REPUBLIKA.CO.ID, WASHINGTON -- Amerika Serikat (AS) dan China menandatangani kesepakatan fase pertama untuk mengakhiri perang dagang pada Rabu (15/1). Perjanjian ini merupakan langkah awal untuk memulihkan hubungan ekonomi kedua negara, yang telah mengguncang pasar ekonomi global.
"Hari ini, kami mengambil langkah penting menuju masa depan perdagangan yang adil dan timbal balik. Bersama-sama kita memperbaiki kesalahan masa lalu. Ini adalah kesepakatan terbesar," ujar Presiden AS Donald Trump dilansir The Guardian, Kamis (16/1).
Trump dan Wakil Perdana Menteri China, Liu He menandatangani kesepakatan itu di East Room, Gedung Putih. Penandatanganan dihadiri oleh para kabinet Trump, anggota parlemen, serta sejumlah pemimpin media dan bisnis.
Fase pertama dari kesepakatan itu, China telah berkomitmen untuk meningkatkan impor dari AS senilai 200 miliar dolar AS termasuk meningkatkan pembelian di sektor pertanian sebesar 32 miliar dolar AS, manufaktur 78 miliar dolar AS, energi 52 miliar dolar AS, dan jasa 38 miliar dolar AS. China juga sepakat untuk mengambil tindakan terhadap pemalsuan dan melakukan tindakan hukum atas pencurian hak kekayaan intelektual.
Sementara itu, AS akan mempertahankan tarif hingga 25 persen untuk barang-barang impor dari China yang diperkirakan bernilai 360 miliar dolar AS. Di sisi lain, China juga diperkirakan akan mempertahankan sebagian besar tarif baru atas produk-produk AS senilai 100 miliar dolar AS.
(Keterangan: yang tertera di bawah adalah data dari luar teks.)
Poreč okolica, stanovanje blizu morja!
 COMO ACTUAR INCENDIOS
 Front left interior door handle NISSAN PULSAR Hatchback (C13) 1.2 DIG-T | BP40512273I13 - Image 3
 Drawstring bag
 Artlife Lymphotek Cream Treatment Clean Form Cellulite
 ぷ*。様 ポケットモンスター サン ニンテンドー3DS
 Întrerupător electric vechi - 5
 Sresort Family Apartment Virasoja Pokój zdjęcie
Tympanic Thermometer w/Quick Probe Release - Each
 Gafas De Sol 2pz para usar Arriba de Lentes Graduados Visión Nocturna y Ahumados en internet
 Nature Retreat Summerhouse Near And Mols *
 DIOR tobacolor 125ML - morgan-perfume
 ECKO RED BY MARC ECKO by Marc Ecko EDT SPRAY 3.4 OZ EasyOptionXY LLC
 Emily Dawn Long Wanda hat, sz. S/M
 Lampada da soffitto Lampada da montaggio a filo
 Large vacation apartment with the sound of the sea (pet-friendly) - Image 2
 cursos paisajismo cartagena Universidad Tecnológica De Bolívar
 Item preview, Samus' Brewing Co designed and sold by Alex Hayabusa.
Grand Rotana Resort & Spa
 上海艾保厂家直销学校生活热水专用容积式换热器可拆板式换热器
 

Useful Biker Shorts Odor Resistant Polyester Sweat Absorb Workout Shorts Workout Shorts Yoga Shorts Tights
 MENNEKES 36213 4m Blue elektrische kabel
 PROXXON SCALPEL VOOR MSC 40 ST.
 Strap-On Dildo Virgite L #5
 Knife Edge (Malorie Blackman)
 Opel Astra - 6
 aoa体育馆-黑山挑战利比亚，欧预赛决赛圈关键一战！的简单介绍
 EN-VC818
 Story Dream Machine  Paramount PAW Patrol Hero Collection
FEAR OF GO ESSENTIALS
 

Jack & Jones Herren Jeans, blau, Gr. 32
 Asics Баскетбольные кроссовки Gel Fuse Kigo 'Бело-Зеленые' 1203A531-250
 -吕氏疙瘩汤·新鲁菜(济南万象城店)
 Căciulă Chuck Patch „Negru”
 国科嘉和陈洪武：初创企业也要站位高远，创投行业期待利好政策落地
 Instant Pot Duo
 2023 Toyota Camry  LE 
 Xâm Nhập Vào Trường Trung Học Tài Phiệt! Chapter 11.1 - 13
AS dan China telah terlibat dalam perang dagang sejak 2018, yang menyebabkan dikenakanya pajak impor tambahan atas barang-barang yang diperdagangkan senilai lebih dari 450 miliar dolar AS. Perselisihan dua kekuatan ekonomi dunia itu telah menganggu mata rantai perdagangan global dan mengkhawatirkan investor. Bursa saham AS mencapai rekor tertinggi setelah penandatanganan perjanjian.
Liu mengatakan, perjanjian itu dibuat atas dasar kesetaraan dan saling menghormati. Menurutnya, China telah mengembangkan sistem politik dan model pembangunan ekonomi yang sesuai dengan realitas nasional.
"Ini tidak berarti bahwa China dan AS tidak dapat bekerja sama. Sebaliknya, kedua negara kami memiliki kepentingan komersial yang sangat besar. Kami berharap kedua belah pihak akan mematuhi dan menjaga perjanjian dengan sungguh-sungguh," ujar Liu, dilansir BBC.
Menteri Keuangan AS, Steven Mnuchin menyebut kesepakatan fase satu sebagai perjanjian yang signifikan. Dia mengatakan, pemerintahan Trump dapat memberikan tarif tambahan jika China tidak mematuhi perjanjian pada tahap satu. Pemerintah AS menyatakan, tarif akan tetap berlaku hingga kesepakatan fase dua ditandatangani.
"Ini memberi China insentif besar untuk kembali ke meja perundingan dan menyetujui masalah tambahan yang masih belum terselesaikan," kata Mnuchin kepada CNBC.
Kepala Perwakilan Perdagangan AS Robert Lighthizer mengatakan, pemerintah fokus pada implementasi perjanjian fase satu untuk jangka pendek. Menurutnya, implementasi pada tahap satu ini dapat berlangsung hinga musim semi.
Sejumlah pebisnis menyambut baik kesepakatan fase satu tersebut. Namun, menurut mereka kesepakatan tersebut arahnya masih belum jelas. Kamar Dagang dan Industri AS mengatakan, sangat penting bagi kedua pihak untuk segera memulai negosiasi pada tahap dua.
"Pekerjaan belum selesai. Perjanjian fase satu harus segera diikuti dengan negosiasi fase dua untuk membahas masalah-masalah yang tersisa," ujar Kepala Dewan Bisnis AS-China, Craig Allen, dilansir Bloomberg.
Media pemerintah China menyambut kesepakatan perdagangan fase satu dengan optimisme, namun tetap berhati-hati dalam implementasinya. Tajuk rencana Global Times yang berbahasa Inggris menuliskan, perjanjian tersebut adalah paradoks yang membuat banyak orang khawatir.